--- START ---
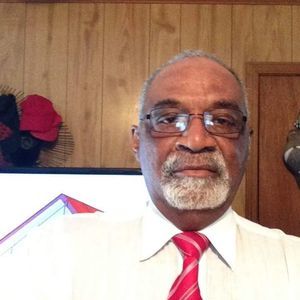 Meet your Posher, George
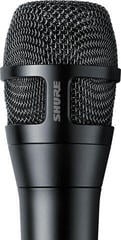 Microphone de chant dynamique Shure Nexadyne 8/C Microphone de chant dynamique - 1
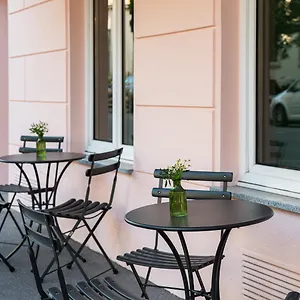 Vier Jahreszeiten 4*, Salisburgo Austria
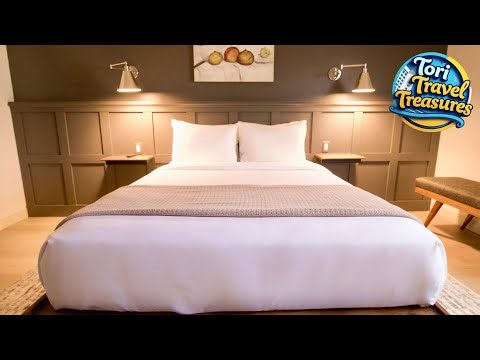 Meeting House | Arlington (VA), United States | Hotel Review 🛏️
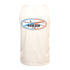 Hansen Mens Tank Top 50-50 Cardiff Original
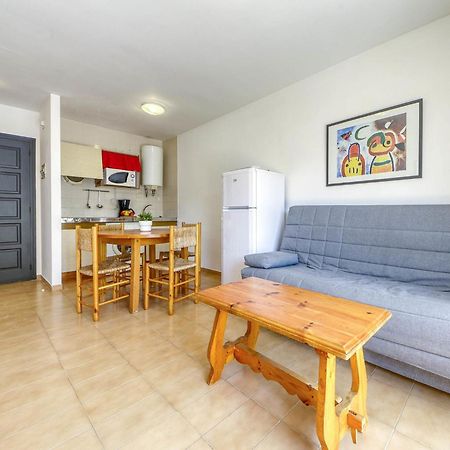 Apartment Mismar-10 By Interhome Roses Buitenkant foto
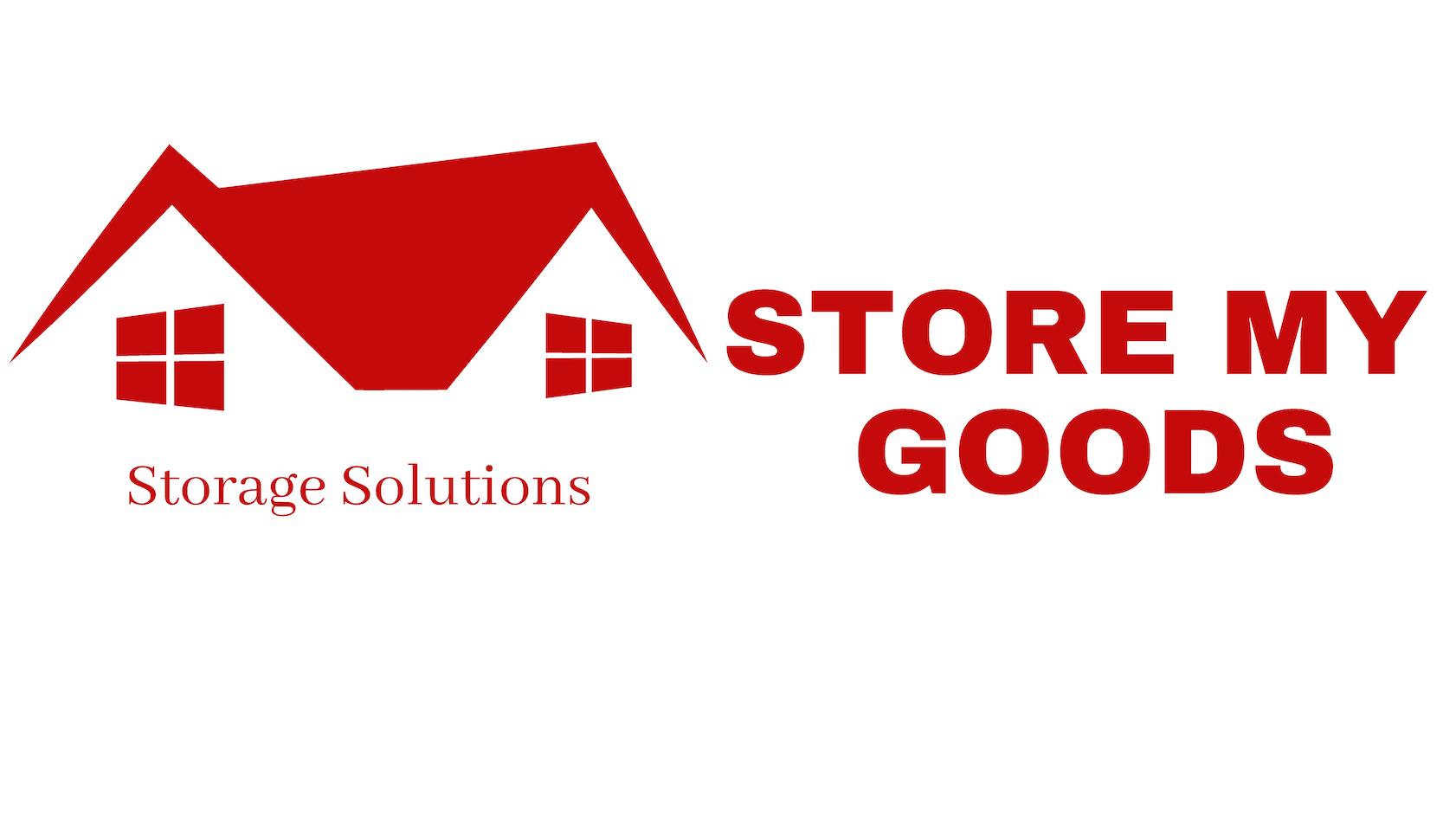 Store My Goods (device) Device mark 4684988 Trademark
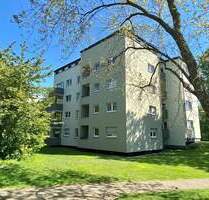 Helle 4-Zimmer-Wohnung in Fritzlar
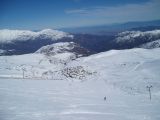 Santiago del Cile si candida alle Olimpiadi invernali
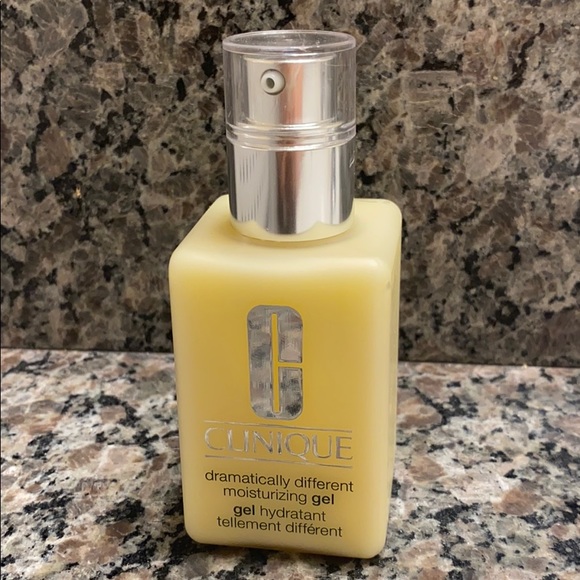 Clinique Other - Clinique Gel Lotion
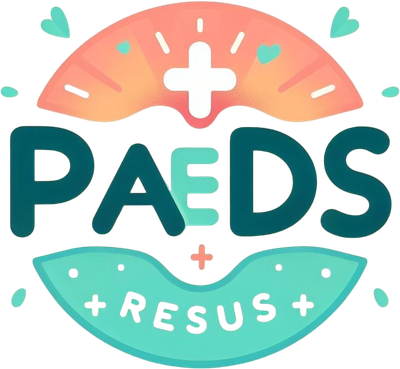 Paeds Resus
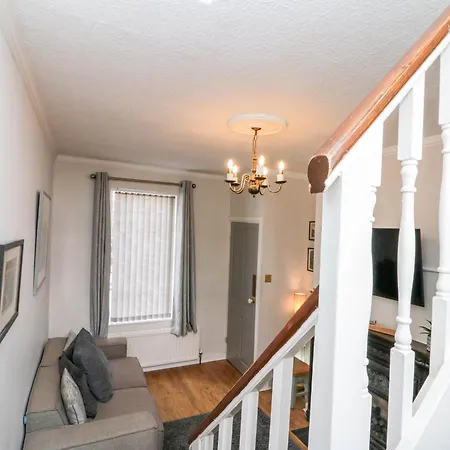 Rydal Holiday home *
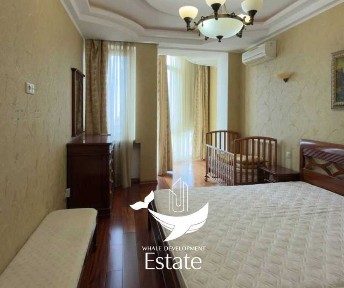 Продажа 3-комн квартиры Фонтанская дорога, 10 ст. Фонтана к Морю 5 мин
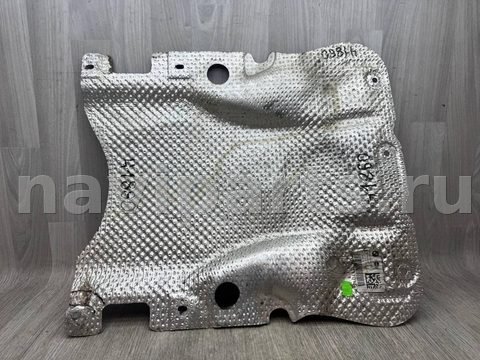 Новое Mini Countryman, 2023 г., OEM 51757931725, арт. 41860_12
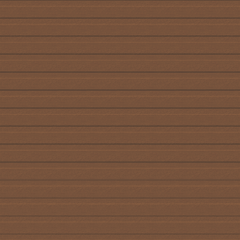  Image of Cladding Aluminium Alumatex ChannelLargeGapBoard Horizontal 90 Kwila Material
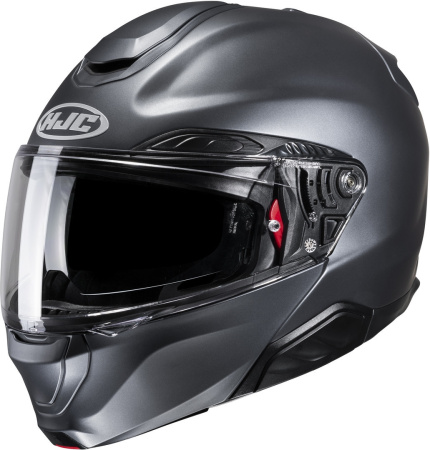 Мотошлем HJC RPHA91 антрацит - магазин Motostyles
--- END ---
Begin at the line that contains "Apartment Mismar-10 By" and transcribe exactly, and only, each line through the final line of the data above, both included; the pictures do not go in.

 Apartment Mismar-10 By Interhome Roses Buitenkant foto
 Store My Goods (device) Device mark 4684988 Trademark
 Helle 4-Zimmer-Wohnung in Fritzlar
 Santiago del Cile si candida alle Olimpiadi invernali
 Clinique Other - Clinique Gel Lotion
 Paeds Resus
 Rydal Holiday home *
 Продажа 3-комн квартиры Фонтанская дорога, 10 ст. Фонтана к Морю 5 мин
 Новое Mini Countryman, 2023 г., OEM 51757931725, арт. 41860_12
  Image of Cladding Aluminium Alumatex ChannelLargeGapBoard Horizontal 90 Kwila Material
 Мотошлем HJC RPHA91 антрацит - магазин Motostyles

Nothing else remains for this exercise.